目前,群体感应抑制剂主要采用化学合成、植物中提取及可实现长效释放的载体制备。然而,无论是合成亦或天然抑制剂,其抑制效果、体内稳定性及生物安全性均有待进一步研究。
我国中草药资源十分丰富。中药应用于临床包括感染性疾病的治疗具有悠久历史。本课题组前期对中药大黄的抗炎症反应等作用研究多年。但中药成分复杂,作用机制呈现多靶点。而大黄素是中药大黄的主要有效单体,药理作用与大黄相似。大黄素抗菌作用已经明确。可以尝试作为群体感应抑制剂。但大黄素水溶性差,限制其临床应用。因此,本发明设计并制备了大黄素纳米囊,以提高大黄素水溶性及生物利用度,达到更广谱的抑制生物被膜形成的作用。
发明内容
针对上述问题,本发明目的在于一种壳聚糖接枝脂质纳米囊包载大黄素在抑制病原菌生物被膜中的用途。
为实现上述目的,本发明采用技术方案为:
一种壳聚糖接枝脂质纳米囊包载大黄素在抑制病原菌生物被膜中的用途,所述包载大黄素壳聚糖接枝脂质纳米囊(简称大黄素纳米囊)在作为抑制病原菌生物的被膜中的应用。

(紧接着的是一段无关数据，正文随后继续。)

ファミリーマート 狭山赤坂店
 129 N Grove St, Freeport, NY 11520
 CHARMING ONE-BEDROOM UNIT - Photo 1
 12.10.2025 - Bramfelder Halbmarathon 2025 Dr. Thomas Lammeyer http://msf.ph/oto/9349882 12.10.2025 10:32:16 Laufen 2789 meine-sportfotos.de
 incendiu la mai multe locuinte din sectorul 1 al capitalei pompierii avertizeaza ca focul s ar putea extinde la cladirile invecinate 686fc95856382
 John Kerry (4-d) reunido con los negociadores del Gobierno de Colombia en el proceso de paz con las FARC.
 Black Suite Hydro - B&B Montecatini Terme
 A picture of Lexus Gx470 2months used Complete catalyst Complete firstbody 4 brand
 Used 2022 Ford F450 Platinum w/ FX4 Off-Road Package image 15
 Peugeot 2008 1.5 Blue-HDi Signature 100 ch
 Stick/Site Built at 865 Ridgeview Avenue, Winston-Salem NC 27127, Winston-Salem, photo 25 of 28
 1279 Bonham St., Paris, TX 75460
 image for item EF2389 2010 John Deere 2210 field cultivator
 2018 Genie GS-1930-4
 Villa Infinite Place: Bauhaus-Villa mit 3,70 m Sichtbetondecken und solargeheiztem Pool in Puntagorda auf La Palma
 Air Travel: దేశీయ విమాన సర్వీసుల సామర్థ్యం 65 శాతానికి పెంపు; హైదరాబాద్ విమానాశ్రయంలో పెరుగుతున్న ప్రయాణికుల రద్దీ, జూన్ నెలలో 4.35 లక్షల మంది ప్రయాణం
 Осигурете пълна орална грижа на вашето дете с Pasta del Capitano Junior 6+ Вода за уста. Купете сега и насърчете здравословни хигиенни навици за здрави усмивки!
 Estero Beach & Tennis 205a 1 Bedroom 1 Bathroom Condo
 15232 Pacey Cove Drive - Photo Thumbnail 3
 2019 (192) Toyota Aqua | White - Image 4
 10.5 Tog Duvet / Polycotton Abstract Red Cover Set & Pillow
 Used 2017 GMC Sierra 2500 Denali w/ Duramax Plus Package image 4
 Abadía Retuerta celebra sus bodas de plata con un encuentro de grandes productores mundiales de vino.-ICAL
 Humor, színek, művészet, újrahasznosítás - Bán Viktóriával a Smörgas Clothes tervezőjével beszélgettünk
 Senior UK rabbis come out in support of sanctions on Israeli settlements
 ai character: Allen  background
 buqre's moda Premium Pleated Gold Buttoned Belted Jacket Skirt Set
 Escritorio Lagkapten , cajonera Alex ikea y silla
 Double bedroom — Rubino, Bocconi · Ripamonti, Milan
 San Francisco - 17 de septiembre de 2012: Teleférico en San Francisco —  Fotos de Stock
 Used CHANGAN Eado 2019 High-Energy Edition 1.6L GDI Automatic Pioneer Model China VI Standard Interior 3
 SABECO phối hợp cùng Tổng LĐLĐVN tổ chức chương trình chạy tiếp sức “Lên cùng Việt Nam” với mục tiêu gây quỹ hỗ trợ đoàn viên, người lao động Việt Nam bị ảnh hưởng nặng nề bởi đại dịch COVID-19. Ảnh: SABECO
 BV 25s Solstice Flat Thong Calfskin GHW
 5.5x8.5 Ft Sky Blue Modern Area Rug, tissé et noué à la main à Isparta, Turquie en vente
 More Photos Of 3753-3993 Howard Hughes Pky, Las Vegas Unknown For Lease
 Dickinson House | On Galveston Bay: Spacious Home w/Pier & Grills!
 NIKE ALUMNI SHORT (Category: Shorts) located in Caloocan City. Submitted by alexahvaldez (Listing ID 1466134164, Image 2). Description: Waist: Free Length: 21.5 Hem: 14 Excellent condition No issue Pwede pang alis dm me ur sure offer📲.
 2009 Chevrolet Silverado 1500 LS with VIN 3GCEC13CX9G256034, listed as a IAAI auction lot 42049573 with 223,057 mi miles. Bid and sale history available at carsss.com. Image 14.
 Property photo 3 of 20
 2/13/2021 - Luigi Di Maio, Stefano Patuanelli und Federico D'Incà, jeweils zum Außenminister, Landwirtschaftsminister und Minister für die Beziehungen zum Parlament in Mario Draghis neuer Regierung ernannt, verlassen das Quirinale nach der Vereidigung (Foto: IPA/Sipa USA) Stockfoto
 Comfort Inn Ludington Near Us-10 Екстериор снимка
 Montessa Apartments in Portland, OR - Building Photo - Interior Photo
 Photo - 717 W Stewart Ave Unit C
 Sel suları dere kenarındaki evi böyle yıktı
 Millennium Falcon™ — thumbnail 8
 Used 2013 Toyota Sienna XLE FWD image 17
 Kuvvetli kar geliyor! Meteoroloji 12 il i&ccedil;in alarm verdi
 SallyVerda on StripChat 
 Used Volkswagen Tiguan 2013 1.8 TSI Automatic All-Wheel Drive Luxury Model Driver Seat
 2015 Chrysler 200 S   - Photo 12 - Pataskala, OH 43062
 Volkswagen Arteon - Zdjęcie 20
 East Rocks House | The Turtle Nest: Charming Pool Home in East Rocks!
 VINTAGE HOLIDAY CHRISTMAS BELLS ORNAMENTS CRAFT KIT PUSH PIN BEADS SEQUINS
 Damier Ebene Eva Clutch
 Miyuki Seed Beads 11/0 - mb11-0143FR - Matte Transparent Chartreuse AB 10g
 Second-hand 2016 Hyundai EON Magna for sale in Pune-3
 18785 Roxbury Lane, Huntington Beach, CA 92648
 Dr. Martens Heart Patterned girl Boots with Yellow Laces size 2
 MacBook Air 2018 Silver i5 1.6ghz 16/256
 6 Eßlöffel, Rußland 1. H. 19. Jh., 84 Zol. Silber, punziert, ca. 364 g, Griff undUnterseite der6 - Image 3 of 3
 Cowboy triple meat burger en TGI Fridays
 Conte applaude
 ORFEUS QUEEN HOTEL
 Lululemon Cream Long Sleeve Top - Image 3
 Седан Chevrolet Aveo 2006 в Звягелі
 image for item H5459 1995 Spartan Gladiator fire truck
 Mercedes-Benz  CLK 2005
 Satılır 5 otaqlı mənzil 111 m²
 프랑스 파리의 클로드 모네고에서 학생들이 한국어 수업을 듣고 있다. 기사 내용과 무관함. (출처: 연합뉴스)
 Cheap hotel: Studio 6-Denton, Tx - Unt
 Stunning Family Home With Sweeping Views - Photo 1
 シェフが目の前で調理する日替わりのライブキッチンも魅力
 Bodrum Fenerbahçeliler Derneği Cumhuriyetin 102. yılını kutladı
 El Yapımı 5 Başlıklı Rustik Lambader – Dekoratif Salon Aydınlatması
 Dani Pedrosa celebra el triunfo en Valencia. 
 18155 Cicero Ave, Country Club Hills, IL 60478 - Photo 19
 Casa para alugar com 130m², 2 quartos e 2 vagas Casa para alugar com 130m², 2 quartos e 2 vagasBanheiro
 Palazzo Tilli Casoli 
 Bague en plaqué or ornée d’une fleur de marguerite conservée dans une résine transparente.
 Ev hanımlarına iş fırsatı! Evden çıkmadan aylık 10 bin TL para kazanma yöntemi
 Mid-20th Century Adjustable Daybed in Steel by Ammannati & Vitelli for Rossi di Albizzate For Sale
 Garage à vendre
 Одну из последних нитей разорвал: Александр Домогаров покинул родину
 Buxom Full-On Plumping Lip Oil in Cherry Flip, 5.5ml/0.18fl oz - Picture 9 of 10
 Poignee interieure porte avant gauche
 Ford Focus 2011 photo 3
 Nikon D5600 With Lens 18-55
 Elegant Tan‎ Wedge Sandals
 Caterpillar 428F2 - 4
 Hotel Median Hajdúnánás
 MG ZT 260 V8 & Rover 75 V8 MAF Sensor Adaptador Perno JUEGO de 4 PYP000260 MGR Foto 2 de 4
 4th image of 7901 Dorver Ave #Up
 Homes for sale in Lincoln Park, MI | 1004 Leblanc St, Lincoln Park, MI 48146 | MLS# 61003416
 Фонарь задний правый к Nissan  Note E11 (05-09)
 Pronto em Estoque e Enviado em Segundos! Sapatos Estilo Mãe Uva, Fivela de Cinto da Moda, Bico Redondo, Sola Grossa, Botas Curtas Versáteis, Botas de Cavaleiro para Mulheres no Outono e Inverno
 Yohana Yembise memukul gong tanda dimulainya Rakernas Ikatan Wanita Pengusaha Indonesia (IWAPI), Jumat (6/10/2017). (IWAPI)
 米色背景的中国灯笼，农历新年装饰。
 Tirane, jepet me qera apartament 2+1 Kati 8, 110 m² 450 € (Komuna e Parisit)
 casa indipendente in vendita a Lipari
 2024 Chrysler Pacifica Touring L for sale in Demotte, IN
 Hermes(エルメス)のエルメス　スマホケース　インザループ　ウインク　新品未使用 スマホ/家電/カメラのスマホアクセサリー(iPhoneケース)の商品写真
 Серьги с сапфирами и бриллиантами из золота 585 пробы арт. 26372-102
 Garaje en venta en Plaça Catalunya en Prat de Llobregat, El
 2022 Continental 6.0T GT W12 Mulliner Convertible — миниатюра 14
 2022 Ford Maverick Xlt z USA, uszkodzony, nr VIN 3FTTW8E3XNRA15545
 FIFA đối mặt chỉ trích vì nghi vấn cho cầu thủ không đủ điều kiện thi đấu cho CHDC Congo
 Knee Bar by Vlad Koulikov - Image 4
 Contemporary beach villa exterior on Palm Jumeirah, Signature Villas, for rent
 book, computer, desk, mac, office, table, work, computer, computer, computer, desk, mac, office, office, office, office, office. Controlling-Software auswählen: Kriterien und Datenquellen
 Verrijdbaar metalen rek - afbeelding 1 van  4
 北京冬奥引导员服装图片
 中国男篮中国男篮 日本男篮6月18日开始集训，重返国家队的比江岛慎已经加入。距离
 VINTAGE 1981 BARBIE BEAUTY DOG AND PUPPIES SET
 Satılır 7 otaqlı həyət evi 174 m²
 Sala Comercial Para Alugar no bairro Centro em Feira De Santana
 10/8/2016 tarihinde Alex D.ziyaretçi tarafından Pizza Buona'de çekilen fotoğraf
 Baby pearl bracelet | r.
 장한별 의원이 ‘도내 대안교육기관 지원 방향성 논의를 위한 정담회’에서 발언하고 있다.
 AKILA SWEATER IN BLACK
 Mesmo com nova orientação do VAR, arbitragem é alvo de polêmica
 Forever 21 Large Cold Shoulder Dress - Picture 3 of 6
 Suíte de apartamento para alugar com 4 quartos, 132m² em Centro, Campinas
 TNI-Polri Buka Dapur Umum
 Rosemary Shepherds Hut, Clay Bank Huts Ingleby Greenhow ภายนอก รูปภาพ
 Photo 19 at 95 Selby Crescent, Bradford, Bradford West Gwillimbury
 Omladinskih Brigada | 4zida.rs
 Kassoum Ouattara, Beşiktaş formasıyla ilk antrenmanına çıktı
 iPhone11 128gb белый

所述包载大黄素壳聚糖接枝脂质纳米囊为将大黄素、油相、表面活性剂和壳聚糖按质量比为1-100:100-200:50-85:100-200混合,采用相反转法制备获得包载大黄素壳聚糖接枝脂质纳米囊。
所述油相为中链甘油三酯(MCT);表面活性为聚乙二醇15羟硬脂酸酯(HS15)。
所述病原菌为大肠埃希菌(Escherich coli)、金黄色葡萄球菌(Staphylococcusaureus)、铜绿假单胞菌(Pseudomonas aeruginosa)、沙门氏菌(Salmonella)或单增李斯特菌(Listeria monocytogenes)。
本发明与现有技术相比,具有如下优点和效果:
1.本发明将水溶性差的大黄素进行处理得到大黄素纳米囊,进而显著提高大黄素水溶性,对临床上剂量控制、应用等提供了理论依据,并且大黄素纳米囊对生物被膜抑制作用显著。
2针对生物被膜难控制的现状,本发明应用大黄素纳米囊进行治疗可以避免病原菌抗生素耐药性的产生。降低了大黄素的临床使用浓度,减少药物毒性及副作用,扩大了大黄素的临床应用范围。
3.本发明产品的制备过程条件温和。对病原菌生物被膜的抑制作用方式简单、可操作性强。
4.本发明大黄素纳米囊制备过程为绿色无毒,壳聚糖接枝脂质体包载大黄素纳米囊制备工艺简便,安全性高、成本较低,可实现高通量大规模制备。
附图说明
图1为本发明是实施例提供的大黄素纳米囊电镜下形态及粒径分布图;
图2为本发明是实施例提供的大肠杆菌生物被膜经大黄素纳米囊处理后随时间变化的激光共聚焦显微镜图;
图3为本发明是实施例提供的亚MIC浓度的大黄素及大黄素纳米囊对生物被膜形成抑制作用差异图。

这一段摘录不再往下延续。